Khaleda Zia, Bangladesh’s first woman prime minister, died in Dhaka on Tuesday after a prolonged illness. She was 80.
She had advanced cirrhosis of the liver, arthritis, diabetes, and chest and heart problems, her doctors said.
Zia took over as the South Asian country's prime minister in 1991 and became one of the two poles of its politics alongside arch rival Sheikh Hasina. The two of them spent decades trading power, defining Bangladesh's politics for generations.
With Zia’s death and Ms Hasina’s ouster last year following mass street protests, Bangladesh’s long chapter of rare women-led politics appears closed.
Though the three-time prime minister had been out of power since 2006 and spent years in jail or under house arrest during Ms Hasina’s rule, she and her conservative party, BNP, continued to command wide support.
The former leader faced corruption cases she said were politically motivated, but in January 2025 the Supreme Court acquitted her in the last case. She went to London for medical treatment in early 2025, staying for four months before returning home.
It was expected she would run for prime minister in the general election in February.
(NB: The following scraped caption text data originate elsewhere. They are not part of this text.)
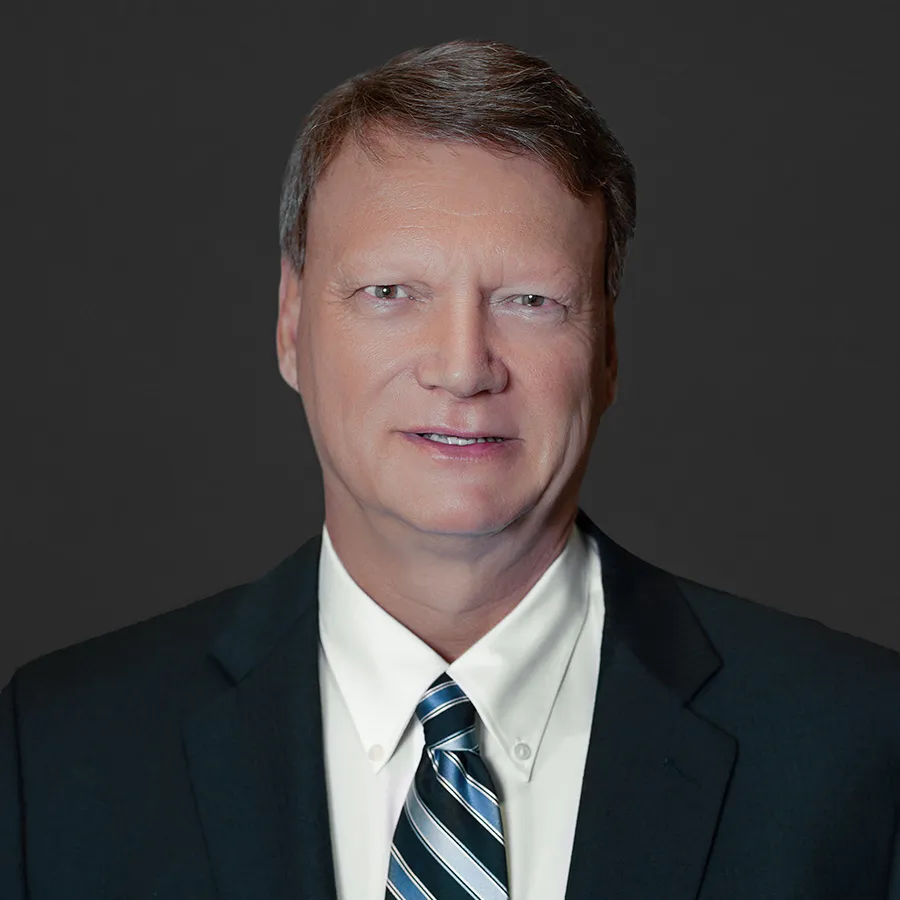 Professional middle-aged man wearing a dark suit, white shirt, and striped tie against a dark background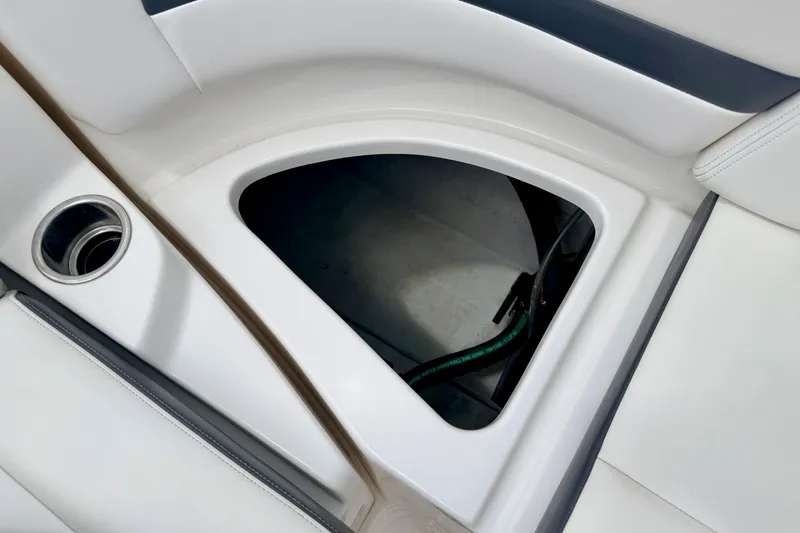 Slide: The Image of Storage compartment in 2015 Chaparral Sunesta 264 boat, featuring sleek white interior design. - 32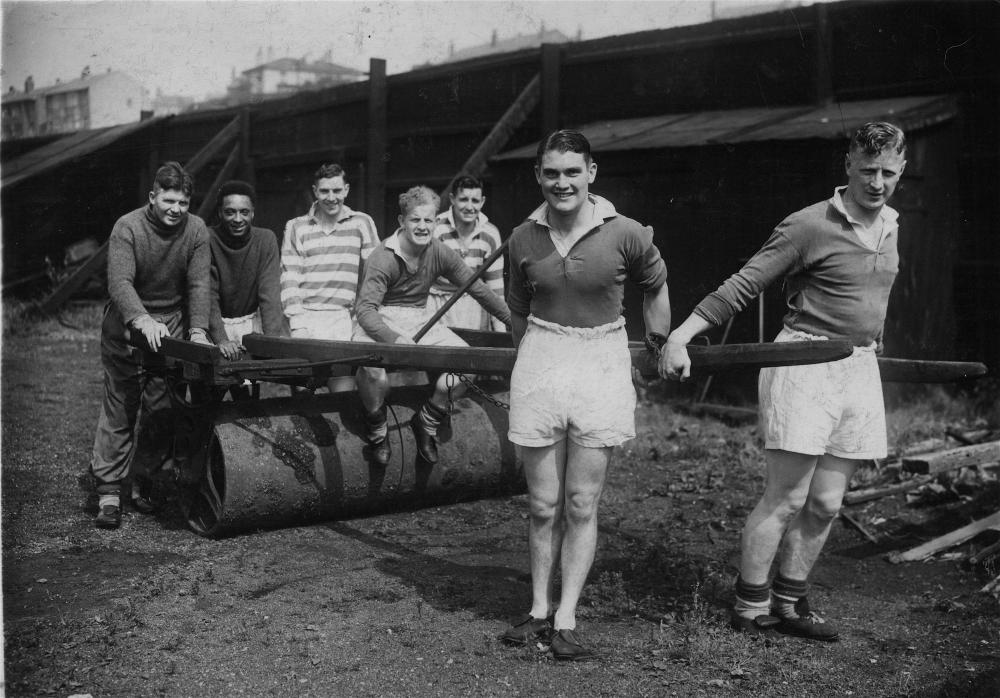 Wigan Welsh Rugby League players 1938, rolling out the roller at Central Park.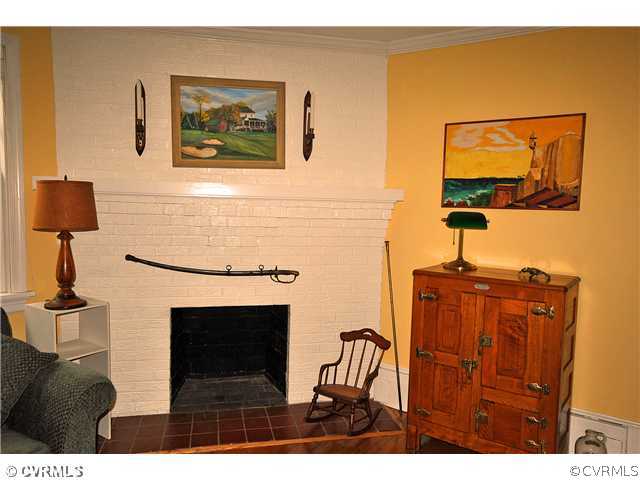 4237 Arrowhead Road Richmond, VA 23235 - Photo 4 of 14 a living room with furniture and a fireplace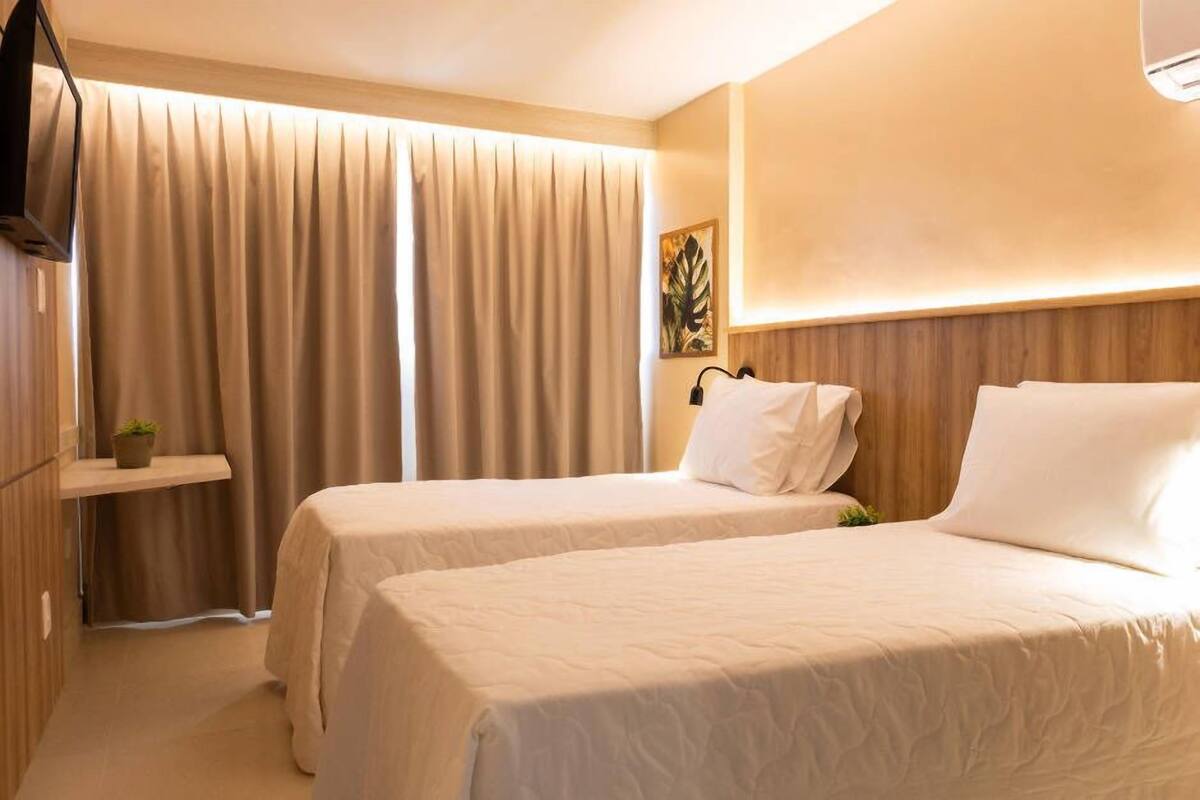 A hotel room with two beds, a TV on the wall, a plant on a shelf, and a large window with curtains.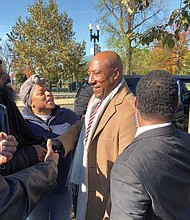 Media mogul Byron Allen is surrounded by supporters after leaving the U.S. Supreme Court, where arguments were heard Nov. 13 in his lawsuit against Comcast.
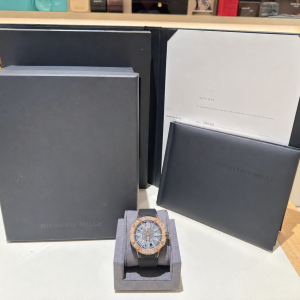 Richard Mille watch with rose‑gold bezel on a gray cushion, showcased with dark brand boxes and a certificate in the background.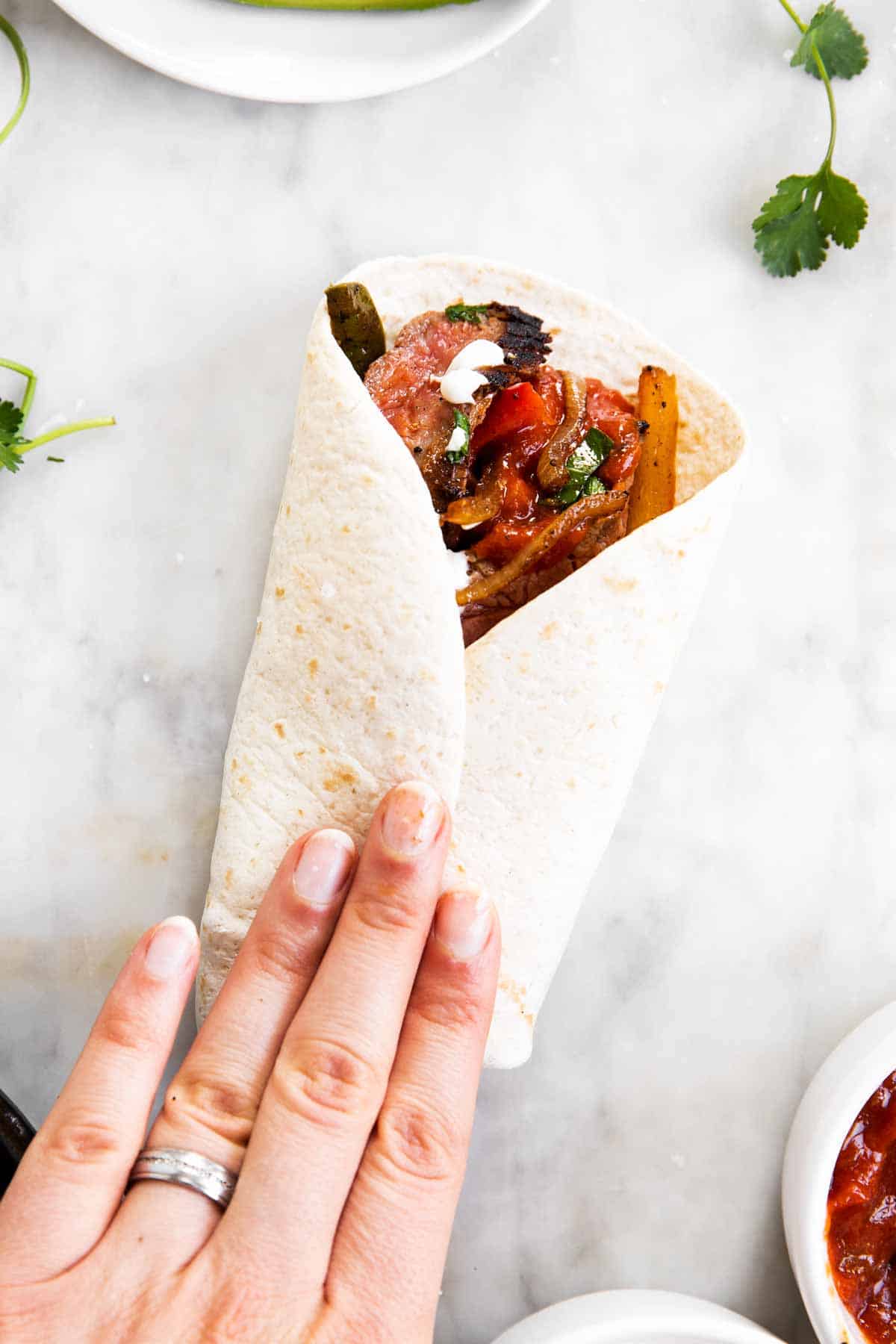 female hand folding steak fajita on marble surface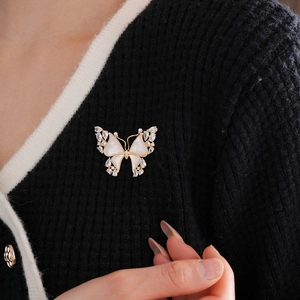 Detail of 18k gold plated butterfly brooch with white mother of pearl and zircon stones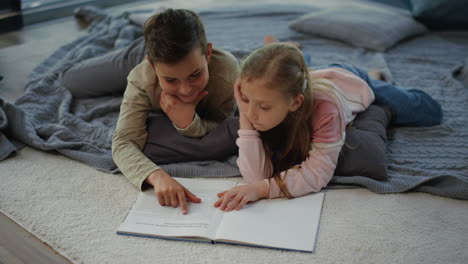 Smart-siblings-reading-book-at-home.-Brother-and-sister-gaining-new-knowledge.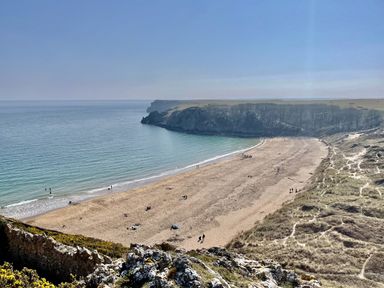 A beach with people walking near the water at Tower Cottage Near Pembroke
Now her son, Tarique Rahman, who returned to Bangladesh last week after 17 years in self-exile, is set to assume the mantle.
Since August 2024, when Ms Hasina was ousted and forced to flee to India, Bangladesh has been ruled by an interim government led by the banker Muhammad Yunus.
Dr Yunus said that he was "deeply saddened and grief-stricken by her death".
He said Zia represented an important chapter in the history of Bangladesh and given her “contributions, her long struggle, and the deep public sentiment towards her, the government declared her a Very, Very Important Person of the State".
Chief Adviser's Condolence message on the Death of Former Prime Minister Begum Khaleda Zia
— Chief Adviser of the Government of Bangladesh (@ChiefAdviserGoB) December 30, 2025
Dhaka, 30 December 2025: The Chief Adviser of the interim government, Professor Muhammad Yunus, has expressed profound sorrow at the death of Begum Khaleda Zia—three-time former Prime…
India, among Dhaka’s closest allies before ties soured following Hasina’s ouster and flight to Delhi, said it mourned Zia’s death.
Prime minister Narendra Modi, in a post on X, said he was "deeply saddened” by Zia’s death.
"Our sincerest condolences to her family and all the people of Bangladesh. May the Almighty grant her family the fortitude to bear this tragic loss," he said.
Zia was described as a shy housewife devoted to raising her two sons until her husband, military ruler and later president Ziaur Rahman, was assassinated in an attempted army coup in 1981.
Three years later, she took over as head of the BNP, which her husband had founded, and vowed to deliver on his goal of “liberating Bangladesh from poverty and economic backwardness".
She joined hands with Ms Hasina, daughter of Bangladesh's founding father Sheikh Mujibur Rahman, to lead a popular uprising for democracy that toppled military ruler Hossain Mohammad Ershad in 1990.

But their cooperation did not last long. A bitter rivalry developed, leading to them being dubbed the “Battling Begums”, a phrase that uses an Urdu honorific for married women.
Ms Hasina, who now lives close to the corridors of power in Delhi, condoled Zia’s death.
“Her passing represents a profound loss for Bangladesh’s political life and for the leadership of the Bangladesh Nationalist Party. I pray for the eternal peace and forgiveness of Begum Khaleda Zia’s soul,” she said.
“As the first woman prime minister of Bangladesh, and for her role in the struggle to establish democracy, her contributions to the nation were significant and will be remembered.”
Supporters saw Zia as polite and traditional yet quietly stylish, someone who chose her words carefully. But they also viewed her as a bold, uncompromising leader when it came to defending her party and confronting her rivals.
Ms Hasina, by contrast, was far more outspoken and assertive. Their opposite personalities helped fuel the rivalry that dominated Bangladesh's politics for decades.
In 1991, Bangladesh held what was hailed as its first free election. Zia won a surprise victory over Ms Hasina, having gained the support of the country's largest Islamic party, Jamaat-e-Islami.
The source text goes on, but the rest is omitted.